Introduction
Linear regression is a widely used supervised learning algorithm that has been a cornerstone of machine learning for decades. While linear regression provides good performance on simple datasets, it can become less effective when dealing with non-linear relationships between the independent and dependent variables. This is where polynomial linear regression comes in – an extension of traditional linear regression that accommodates non-linear interactions between features.
In this blog, we will delve into the math behind polynomial linear regression, explore a Python implementation using scikit-learn, and provide guidance on creating our own PolynomialLinearRegression class from scratch.
Mathematical Background
Polynomial linear regression is an extension of traditional linear regression. The core idea remains the same: to find the best-fitting line that minimizes the error between predicted and actual values.
Given a dataset with n samples, each sample has p independent variables (features) denoted by x_i and a single dependent variable y_i. We want to model this relationship using a polynomial equation of degree d:
y_i = β_0 + Σ(j=1 to d) β_j x_{ij}^j
where β_0 is the intercept, and β_j are coefficients corresponding to each feature (x_{ij}) raised to the power j.
To optimize these coefficients, we use ordinary least squares (OLS), a widely used method for linear regression. The OLS objective function can be written as:
Minimize ∑[i=1 to n] (y_i – (β_0 + Σ(j=1 to d) β_j x_{ij}^j))^2
Scikit-learn Implementation
For demonstration purposes, let’s use scikit-learn’s `PolynomialRegressor` class. This implementation uses a built-in polynomial transformation and an optimized linear regression algorithm.
“`python
from sklearn.preprocessing import PolynomialFeatures
from sklearn.linear_model import LinearRegression
import numpy as np
# Create a sample dataset with features x1, x2, x12
X = np.array([[1], [2], [4], [8]])
y = np.array([2, 3, 5, 7])
# Transform the features to include polynomial terms up to degree 2
poly_features = PolynomialFeatures(degree=2)

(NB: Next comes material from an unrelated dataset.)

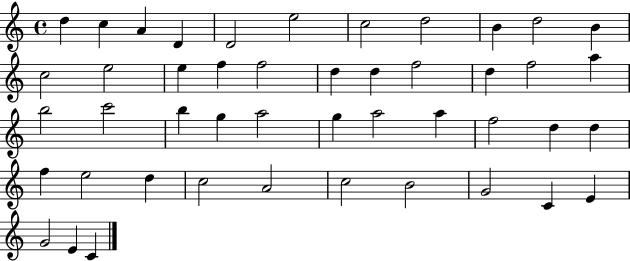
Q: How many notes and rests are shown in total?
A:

X_poly = poly_features.fit_transform(X)
# Create and train a linear regression model with polynomial transformation
model = LinearRegression()
model.fit(X_poly, y)
print(“Coefficients:”, model.coef_)
“`
Creating Your Own PolynomialLinearRegression Class
Let’s create our own implementation of PolynomialLinearRegression from scratch. This will allow us to customize the degree and other hyperparameters.
“`python
import numpy as np
class PolynomialLinearRegression:
def __init__(self, degree=2):
self.degree = degree
self.coef_ = None
self.intercept_ = None
def fit(self, X, y):
# Transform the features to include polynomial terms up to degree ‘degree’
poly_features = PolynomialFeatures(degree=self.degree)
X_poly = poly_features.fit_transform(X)
# Create and train a linear regression model with polynomial transformation
self.model_ = LinearRegression()
self.model_.fit(X_poly, y)
# Extract coefficients and intercept from the trained model
self.coef_ = self.model_.coef_
self.intercept_ = self.model_.intercept_
def predict(self, X):
# Transform new features to include polynomial terms up to degree ‘degree’
poly_features = PolynomialFeatures(degree=self.degree)
X_poly = poly_features.fit_transform(X)
# Use the trained model to make predictions
return self.model_.predict(X_poly)
# Example usage:
X_train, y_train = np.random.rand(100, 2), np.random.rand(100)
model = PolynomialLinearRegression(degree=3)
model.fit(X_train, y_train)
print(“Coefficients:”, model.coef_)
print(“Intercept:”, model.intercept_)
y_pred = model.predict(np.array([[1.5], [2.8]]))
print(“Predicted values:”, y_pred)
“`
Conclusion
Polynomial linear regression is a powerful extension of traditional linear regression that can handle non-linear relationships between features. By understanding the math behind this algorithm and implementing it in Python, we have gained a deeper insight into how to create models that capture complex relationships.
While scikit-learn’s `PolynomialRegressor` class provides an efficient implementation, creating our own PolynomialLinearRegression class from scratch allows for customization of degree and other hyperparameters. This approach also enhances understanding of the underlying algorithms and techniques used in machine learning.
As machine learning continues to evolve, we will likely see more complex regression models that incorporate higher-order polynomials or even non-polynomial transformations. By building a solid foundation in polynomial linear regression, we can tackle these challenges with confidence and create more accurate models for real-world problems.